BEGIN Supplied entries
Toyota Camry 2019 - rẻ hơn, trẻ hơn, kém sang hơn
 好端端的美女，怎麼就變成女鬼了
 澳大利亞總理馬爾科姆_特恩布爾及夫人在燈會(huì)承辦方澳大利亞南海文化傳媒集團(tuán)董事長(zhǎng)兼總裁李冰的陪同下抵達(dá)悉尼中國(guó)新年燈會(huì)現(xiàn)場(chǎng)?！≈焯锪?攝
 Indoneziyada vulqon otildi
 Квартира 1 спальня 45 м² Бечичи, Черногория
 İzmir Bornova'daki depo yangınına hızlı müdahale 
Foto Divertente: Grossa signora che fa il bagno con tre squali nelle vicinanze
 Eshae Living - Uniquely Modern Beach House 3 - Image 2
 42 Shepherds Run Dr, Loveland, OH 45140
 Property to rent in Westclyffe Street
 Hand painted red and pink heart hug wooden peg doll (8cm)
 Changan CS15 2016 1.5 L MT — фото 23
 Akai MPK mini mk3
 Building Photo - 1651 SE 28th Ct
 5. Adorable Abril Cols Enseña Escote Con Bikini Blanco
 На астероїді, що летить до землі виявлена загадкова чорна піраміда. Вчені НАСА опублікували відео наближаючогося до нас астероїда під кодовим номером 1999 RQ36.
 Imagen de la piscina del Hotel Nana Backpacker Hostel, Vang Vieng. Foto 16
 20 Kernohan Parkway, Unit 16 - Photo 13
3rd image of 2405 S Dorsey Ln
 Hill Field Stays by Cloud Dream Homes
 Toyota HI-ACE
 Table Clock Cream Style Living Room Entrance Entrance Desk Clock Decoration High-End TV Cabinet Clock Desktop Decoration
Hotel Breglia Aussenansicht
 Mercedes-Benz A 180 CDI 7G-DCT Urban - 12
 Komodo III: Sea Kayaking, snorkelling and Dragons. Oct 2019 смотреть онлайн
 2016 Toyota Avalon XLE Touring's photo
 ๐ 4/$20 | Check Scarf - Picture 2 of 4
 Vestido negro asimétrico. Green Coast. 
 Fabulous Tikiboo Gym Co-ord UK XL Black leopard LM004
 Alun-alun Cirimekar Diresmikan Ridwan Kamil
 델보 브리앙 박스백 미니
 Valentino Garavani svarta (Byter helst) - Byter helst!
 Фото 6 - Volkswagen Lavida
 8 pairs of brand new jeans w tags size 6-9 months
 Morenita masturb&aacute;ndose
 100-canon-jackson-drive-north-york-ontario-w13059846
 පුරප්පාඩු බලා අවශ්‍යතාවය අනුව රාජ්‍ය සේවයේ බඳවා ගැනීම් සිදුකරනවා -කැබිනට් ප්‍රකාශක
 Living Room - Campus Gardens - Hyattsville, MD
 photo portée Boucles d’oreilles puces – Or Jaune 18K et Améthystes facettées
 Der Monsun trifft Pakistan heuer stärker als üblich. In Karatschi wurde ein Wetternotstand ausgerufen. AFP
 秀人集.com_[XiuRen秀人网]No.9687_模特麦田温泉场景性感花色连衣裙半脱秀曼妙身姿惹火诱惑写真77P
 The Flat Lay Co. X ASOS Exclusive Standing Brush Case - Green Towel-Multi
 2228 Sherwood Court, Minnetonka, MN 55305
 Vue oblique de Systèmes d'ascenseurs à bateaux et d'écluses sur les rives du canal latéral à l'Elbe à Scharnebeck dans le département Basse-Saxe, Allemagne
END Supplied entries
**The problem:** In the entries above, find the line with "Toyota HI-ACE" and the line with "2016 Toyota Avalon XLE Touring's photo", then set down exactly those two and every line between them, nothing else.

**Finished task:**
 Toyota HI-ACE
 Table Clock Cream Style Living Room Entrance Entrance Desk Clock Decoration High-End TV Cabinet Clock Desktop Decoration
Hotel Breglia Aussenansicht
 Mercedes-Benz A 180 CDI 7G-DCT Urban - 12
 Komodo III: Sea Kayaking, snorkelling and Dragons. Oct 2019 смотреть онлайн
 2016 Toyota Avalon XLE Touring's photo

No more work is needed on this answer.